Work task ▸ Start the copy at the line holding "181 Hill Top" and continue it exactly through the last line of the entries, leaving out pictures and anything else.

Segment Start: Raw data

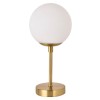 DORADO gold LP-002/1T S Light Prestige
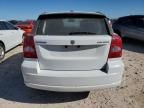 2012 Dodge Caliber SXT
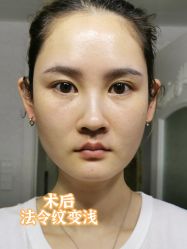 点击看大图 -天津时光诺颜·轻医美·轮廓抗衰中心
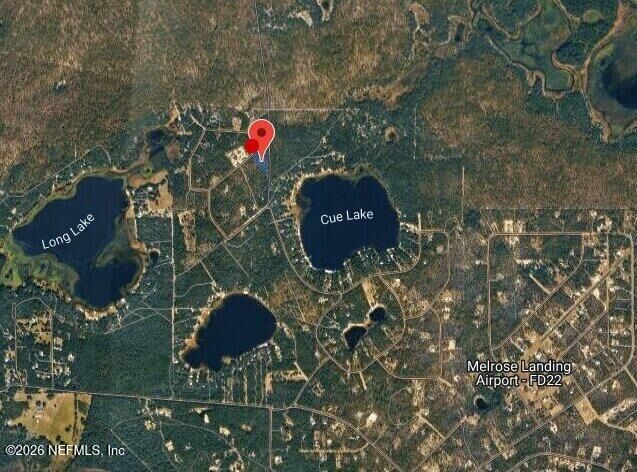 Property Photo:  181 Hill Top Loop  FL 32640 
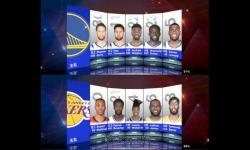 NBA2K22手游下：最新更新內(nèi)容與玩家攻略全解析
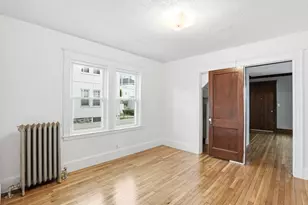 6 Verndale Rd, Milton, MA 02186 - Photo 19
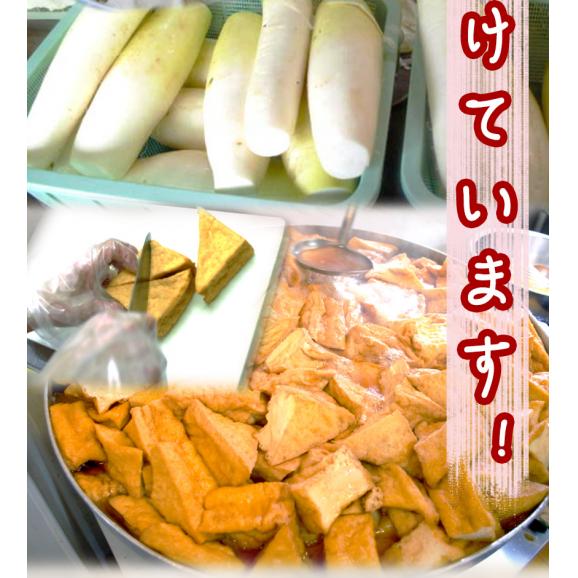 彩りごろごろ煮 ギフト 惣菜 お惣菜 おかず お試し セット 冷凍 お弁当 詰め合わせ 食品 煮物  ギフト 手作り京惣菜 肉 魚 野菜 和風 洋風 中華 煮物詰め合わせ 贈り物に大好評 お試し05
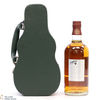 Arran - Harmony Edition Vol.3 2020 Malt and Music Festival Thumbnail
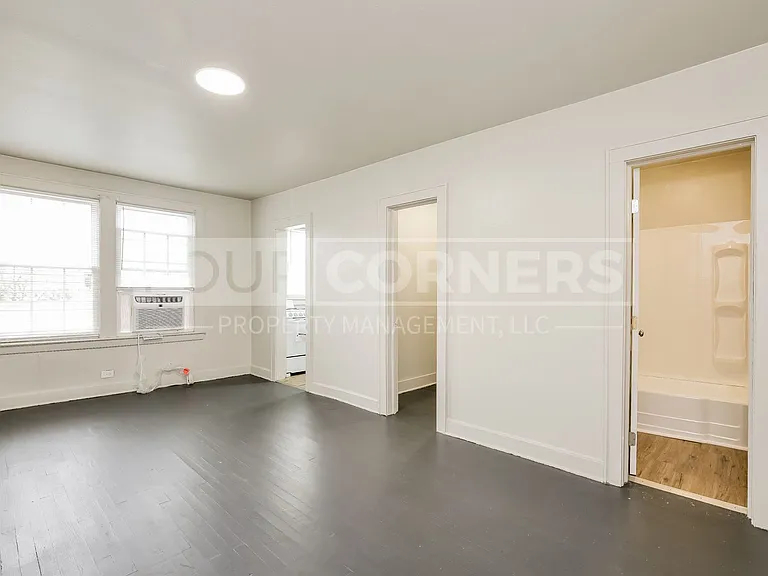 517 Willow Street — Photo 6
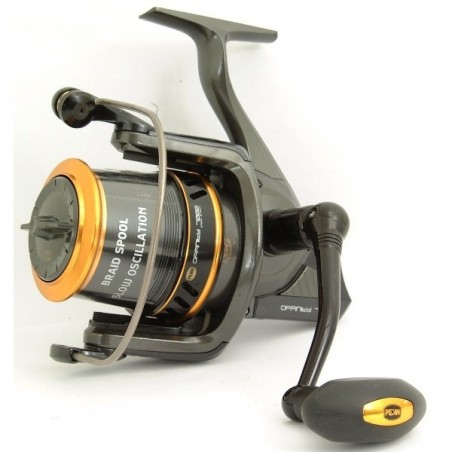 MOULINET SURFBLASTER 7000 PENN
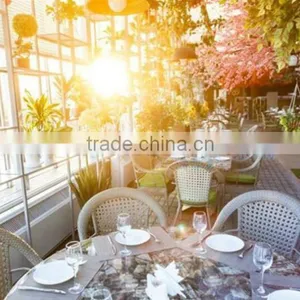 Decorative Greenhouse thumbnail-2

Segment End: Raw data

Problem solution ▸
 Property Photo:  181 Hill Top Loop  FL 32640 
 NBA2K22手游下：最新更新內(nèi)容與玩家攻略全解析
 6 Verndale Rd, Milton, MA 02186 - Photo 19
 彩りごろごろ煮 ギフト 惣菜 お惣菜 おかず お試し セット 冷凍 お弁当 詰め合わせ 食品 煮物  ギフト 手作り京惣菜 肉 魚 野菜 和風 洋風 中華 煮物詰め合わせ 贈り物に大好評 お試し05
 Arran - Harmony Edition Vol.3 2020 Malt and Music Festival Thumbnail
 517 Willow Street — Photo 6
 MOULINET SURFBLASTER 7000 PENN
 Decorative Greenhouse thumbnail-2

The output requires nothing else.